Exercise directions: What you return should be the lines from the one with "5 Rules of Website" through the one with "Immigrants from North" in the data below, reproduced exactly with both ends, and no pictures at all.

Data section:

---------------

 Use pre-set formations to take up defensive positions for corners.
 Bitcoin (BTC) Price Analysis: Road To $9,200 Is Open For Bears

---------------

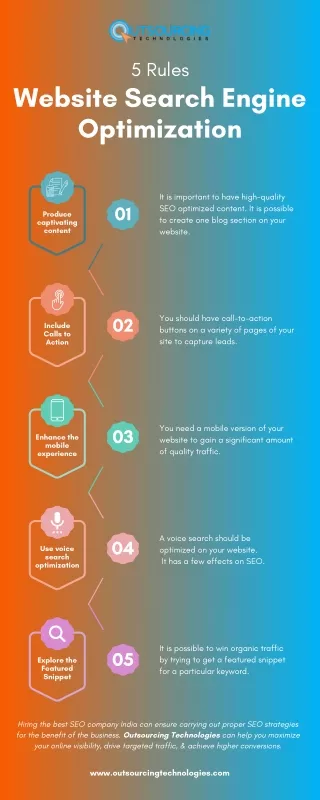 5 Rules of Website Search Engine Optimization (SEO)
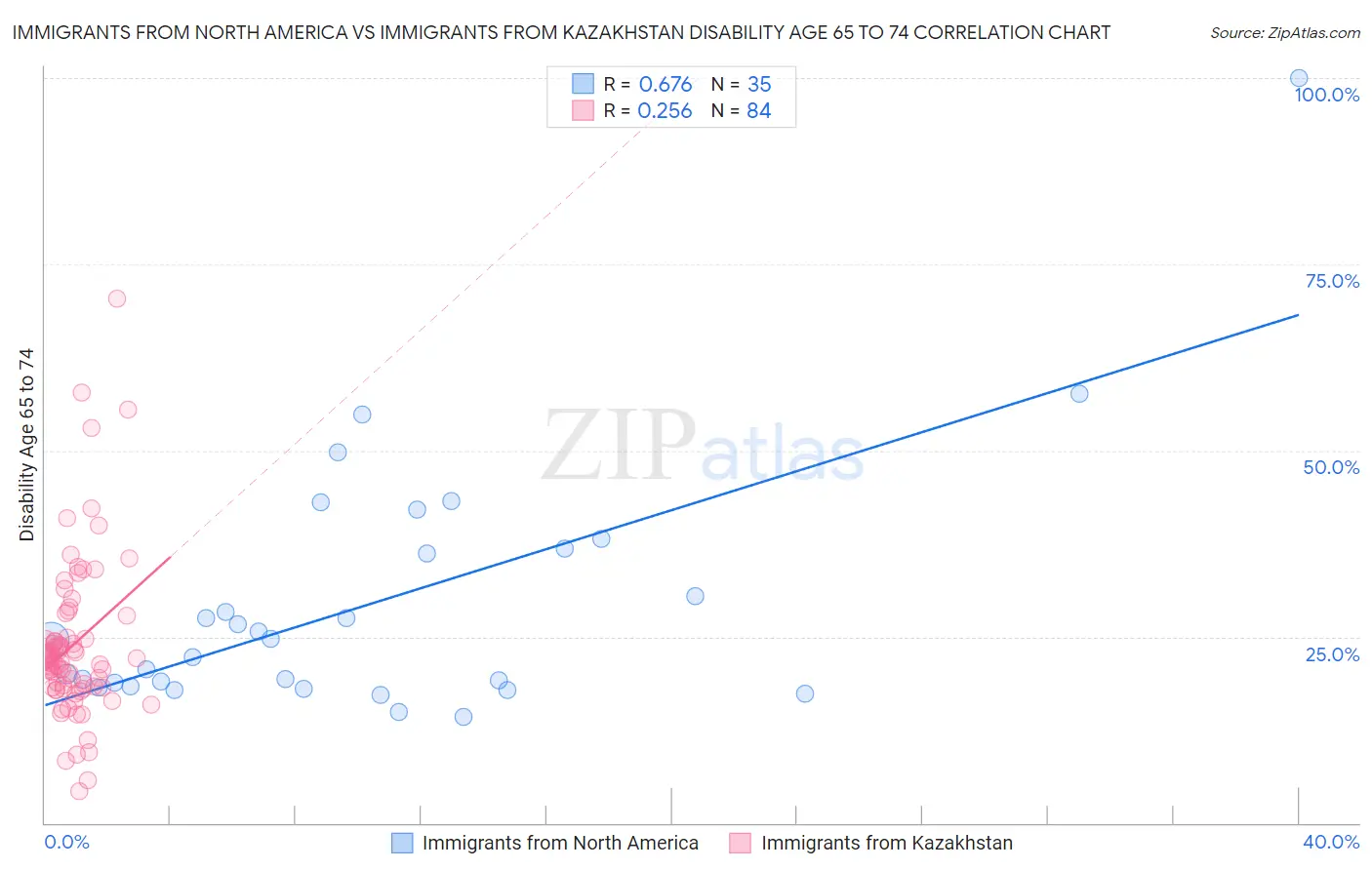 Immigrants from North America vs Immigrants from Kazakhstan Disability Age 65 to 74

---------------

Answer space:
 5 Rules of Website Search Engine Optimization (SEO)
 Immigrants from North America vs Immigrants from Kazakhstan Disability Age 65 to 74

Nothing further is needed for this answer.